Jesus grows up

Lk. 2:40-41     As a child, Jesus grows in wisdom and in stature, close to God and popular with all those he meets. Every year, his parents follow the Jewish custom of going up to Jerusalem for a religious festival. They live too far away to visit Jerusalem three times a year, but always manage to get there for the Feast of Unleavened Bread (the ‘Passover Festival’) (see Exodus 23:14-17) and Jesus no doubt goes with them.

 

Lk. 2:42-43     As in Jesus’s day, Jewish boys are traditionally considered to become adults at the age of thirteen – when they become a ‘Bar Mitzvah’ (a son to whom the commandments apply). They become responsible for their own actions, and play a full role in Jewish religious ceremonies. They are usually invited to read publicly from the Jewish scriptures, having been taught Hebrew as a child at their local synagogue.

Just before his thirteenth birthday, in c.7AD, Jesus goes up to Jerusalem, as usual, with his family for the Passover festival, and soon becomes totally engrossed in discussing the Jewish scriptures with the teachers in the Temple courts. It’s quite possible that Jesus celebrates his thirteenth birthday during the Passover festival (see the feature on Beit Sahur earlier in this section for a discussion on the date of Jesus's birthday). It’s quite normal for a Jewish boy like Jesus to be invited to read the scriptures in public on his thirteenth birthday, but the rabbis are amazed and fascinated by the maturity of Jesus’s questions and his understanding of the Jewish law.

 Colonnaded porticoes on the Temple Mount, Jerusalem

Colonnaded porticoes on the Temple Mount in Jerusalem (Luke 2:46)

 

Lk. 2:44-52     When it’s time to leave after the festival, Mary and Joseph travel a whole day before realising that Jesus isn’t with their relatives and friends from Nazareth. The women and children (who travel more slowly) set off before the men, and when the men catch up with them later in the day, Jesus’s absence is noticed. Jesus had travelled with Mary and the other children on previous occasions, but as he is fast approaching manhood, Mary probably assumes that he is travelling with Joseph and the other men.

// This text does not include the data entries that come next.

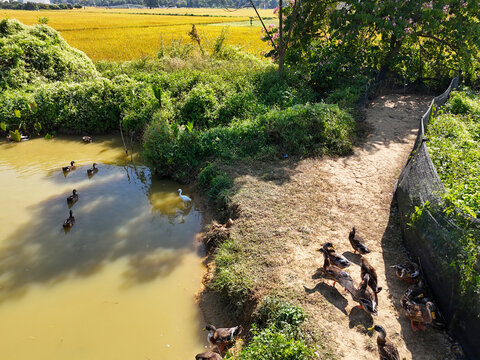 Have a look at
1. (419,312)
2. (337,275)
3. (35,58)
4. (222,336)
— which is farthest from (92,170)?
(419,312)

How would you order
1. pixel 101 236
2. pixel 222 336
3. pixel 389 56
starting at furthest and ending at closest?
1. pixel 389 56
2. pixel 101 236
3. pixel 222 336

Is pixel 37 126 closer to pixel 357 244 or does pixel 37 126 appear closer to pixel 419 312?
pixel 357 244

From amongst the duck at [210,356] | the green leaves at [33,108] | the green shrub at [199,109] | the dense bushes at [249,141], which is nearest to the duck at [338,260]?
the duck at [210,356]

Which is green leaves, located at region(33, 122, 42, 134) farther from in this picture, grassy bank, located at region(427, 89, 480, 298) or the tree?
grassy bank, located at region(427, 89, 480, 298)

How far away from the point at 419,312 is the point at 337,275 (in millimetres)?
1191

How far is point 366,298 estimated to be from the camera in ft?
15.5

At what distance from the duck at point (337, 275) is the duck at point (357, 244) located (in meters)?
0.77

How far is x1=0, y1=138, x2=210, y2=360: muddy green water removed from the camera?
198 inches

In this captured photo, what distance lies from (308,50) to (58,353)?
14996mm

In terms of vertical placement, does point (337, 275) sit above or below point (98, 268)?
above

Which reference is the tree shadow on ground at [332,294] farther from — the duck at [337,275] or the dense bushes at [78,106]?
the dense bushes at [78,106]

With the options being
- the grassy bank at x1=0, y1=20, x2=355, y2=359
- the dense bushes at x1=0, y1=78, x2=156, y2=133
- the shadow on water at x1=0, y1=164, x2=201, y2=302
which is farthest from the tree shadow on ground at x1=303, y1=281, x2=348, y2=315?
the dense bushes at x1=0, y1=78, x2=156, y2=133

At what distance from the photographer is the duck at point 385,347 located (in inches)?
155

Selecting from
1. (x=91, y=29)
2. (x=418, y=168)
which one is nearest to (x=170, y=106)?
(x=418, y=168) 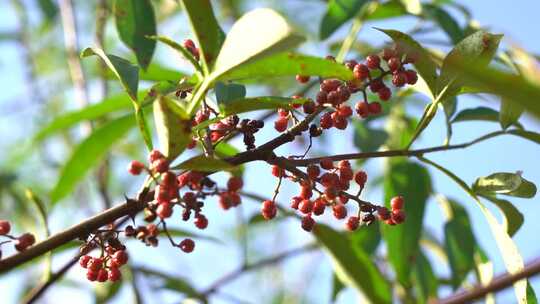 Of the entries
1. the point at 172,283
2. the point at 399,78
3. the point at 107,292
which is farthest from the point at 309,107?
the point at 107,292

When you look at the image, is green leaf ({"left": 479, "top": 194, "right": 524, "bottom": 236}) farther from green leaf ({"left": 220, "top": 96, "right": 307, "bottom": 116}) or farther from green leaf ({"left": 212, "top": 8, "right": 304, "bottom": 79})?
green leaf ({"left": 212, "top": 8, "right": 304, "bottom": 79})

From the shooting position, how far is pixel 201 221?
856mm

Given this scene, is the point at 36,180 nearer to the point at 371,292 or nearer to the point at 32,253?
the point at 371,292

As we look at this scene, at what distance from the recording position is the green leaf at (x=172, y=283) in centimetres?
169

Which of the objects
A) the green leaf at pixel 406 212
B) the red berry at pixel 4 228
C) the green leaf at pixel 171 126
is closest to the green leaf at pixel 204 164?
the green leaf at pixel 171 126

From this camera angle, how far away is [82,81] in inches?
83.0

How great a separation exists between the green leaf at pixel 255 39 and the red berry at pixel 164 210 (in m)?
0.13

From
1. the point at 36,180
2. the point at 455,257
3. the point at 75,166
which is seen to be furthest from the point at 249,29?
the point at 36,180

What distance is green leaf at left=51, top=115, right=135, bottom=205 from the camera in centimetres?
148

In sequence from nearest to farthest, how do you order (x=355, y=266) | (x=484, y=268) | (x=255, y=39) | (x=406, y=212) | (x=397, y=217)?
1. (x=255, y=39)
2. (x=397, y=217)
3. (x=355, y=266)
4. (x=484, y=268)
5. (x=406, y=212)

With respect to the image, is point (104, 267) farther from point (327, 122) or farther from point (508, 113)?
point (508, 113)

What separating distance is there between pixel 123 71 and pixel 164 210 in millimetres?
212

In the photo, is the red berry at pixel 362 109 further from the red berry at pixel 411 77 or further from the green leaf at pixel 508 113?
the green leaf at pixel 508 113

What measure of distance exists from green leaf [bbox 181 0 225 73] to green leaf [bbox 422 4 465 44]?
83 centimetres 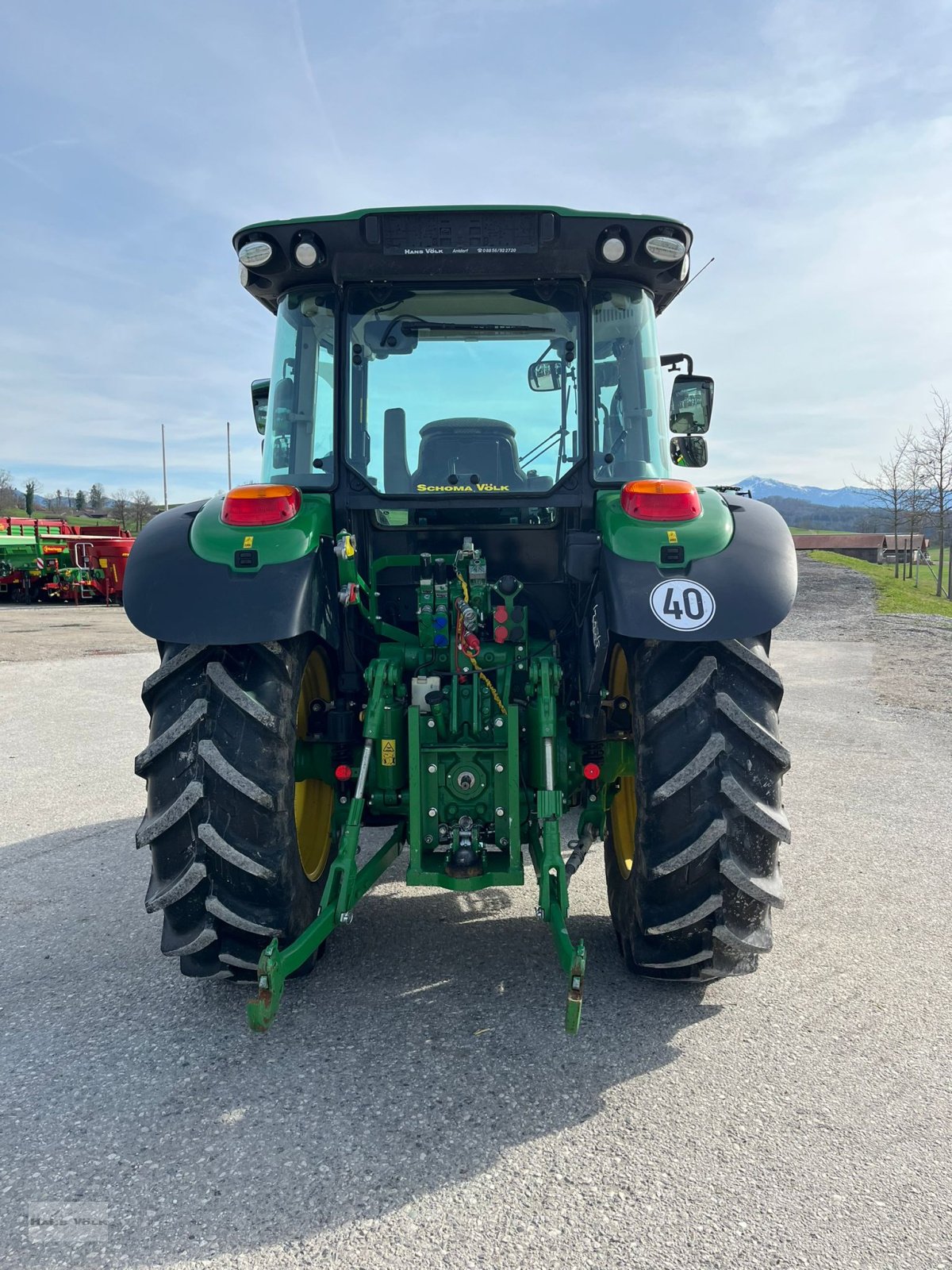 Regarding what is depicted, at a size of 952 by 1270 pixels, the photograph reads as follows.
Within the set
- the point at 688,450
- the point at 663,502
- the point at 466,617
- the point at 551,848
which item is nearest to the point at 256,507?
the point at 466,617

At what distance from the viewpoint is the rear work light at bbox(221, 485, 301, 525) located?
10.3 ft

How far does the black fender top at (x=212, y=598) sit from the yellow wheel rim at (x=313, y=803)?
38cm

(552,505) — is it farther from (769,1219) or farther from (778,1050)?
(769,1219)

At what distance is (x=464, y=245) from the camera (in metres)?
3.26

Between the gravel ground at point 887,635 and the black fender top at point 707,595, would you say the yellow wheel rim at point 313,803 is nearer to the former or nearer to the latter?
the black fender top at point 707,595

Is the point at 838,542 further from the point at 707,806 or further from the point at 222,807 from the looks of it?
the point at 222,807

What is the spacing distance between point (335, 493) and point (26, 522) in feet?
80.6

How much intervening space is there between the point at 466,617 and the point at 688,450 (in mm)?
1471

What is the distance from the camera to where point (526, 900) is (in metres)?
3.99

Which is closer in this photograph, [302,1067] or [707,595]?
[302,1067]

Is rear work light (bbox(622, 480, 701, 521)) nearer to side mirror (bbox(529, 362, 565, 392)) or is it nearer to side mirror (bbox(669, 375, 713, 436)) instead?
side mirror (bbox(529, 362, 565, 392))

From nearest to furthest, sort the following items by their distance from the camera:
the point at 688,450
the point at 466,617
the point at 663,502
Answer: the point at 663,502 < the point at 466,617 < the point at 688,450

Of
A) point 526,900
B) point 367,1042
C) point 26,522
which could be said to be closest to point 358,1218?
point 367,1042

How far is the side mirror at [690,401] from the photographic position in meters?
3.88
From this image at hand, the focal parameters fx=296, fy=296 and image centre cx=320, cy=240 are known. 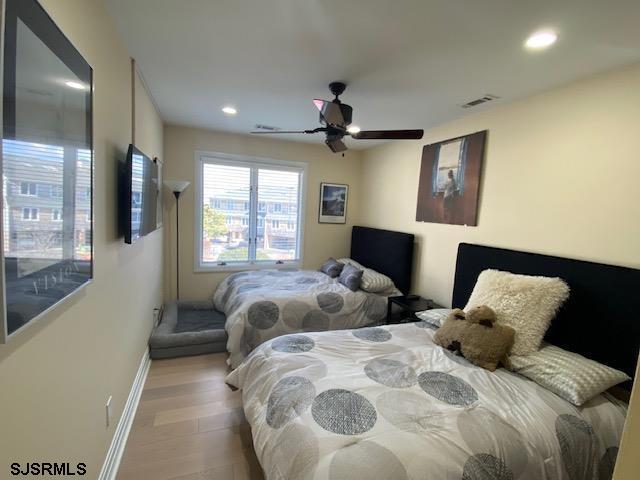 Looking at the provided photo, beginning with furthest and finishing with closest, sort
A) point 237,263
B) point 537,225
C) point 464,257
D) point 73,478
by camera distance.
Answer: point 237,263 < point 464,257 < point 537,225 < point 73,478

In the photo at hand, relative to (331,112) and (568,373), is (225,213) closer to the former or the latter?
(331,112)

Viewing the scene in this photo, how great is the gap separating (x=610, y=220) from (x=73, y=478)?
3.07 m

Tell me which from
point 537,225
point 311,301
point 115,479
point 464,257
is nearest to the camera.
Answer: point 115,479

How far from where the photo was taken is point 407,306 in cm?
301

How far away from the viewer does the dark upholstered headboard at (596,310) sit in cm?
168

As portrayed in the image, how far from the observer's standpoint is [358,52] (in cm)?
182

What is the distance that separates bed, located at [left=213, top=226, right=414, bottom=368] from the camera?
2865 mm

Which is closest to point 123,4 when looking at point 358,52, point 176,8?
point 176,8

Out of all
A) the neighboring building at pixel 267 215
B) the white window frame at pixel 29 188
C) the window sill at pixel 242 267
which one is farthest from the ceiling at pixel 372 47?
the window sill at pixel 242 267

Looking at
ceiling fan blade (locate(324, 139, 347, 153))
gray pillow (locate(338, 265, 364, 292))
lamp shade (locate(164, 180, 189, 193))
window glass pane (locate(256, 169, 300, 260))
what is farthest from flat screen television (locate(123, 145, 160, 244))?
gray pillow (locate(338, 265, 364, 292))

Eventually, Mary and Joseph find Jesus in the courtyards of the Temple in Jerusalem, and are astonished when he says to them “Didn’t you know that I must be in my Father’s house?” (Luke 2:49) Jewish parents would have been surprised to hear that a lively teenager was so keen to spend time discussing his heavenly Father’s words with the teachers in the Temple.

The spot where Mary and Joseph discovered that Jesus was missing on the journey home is believed to be the town of Al-Bireh near Ramallah, a full day’s journey north of Jerusalem. The site is marked today by the Church of the Holy Family, a church built by the Crusaders in the 12th century.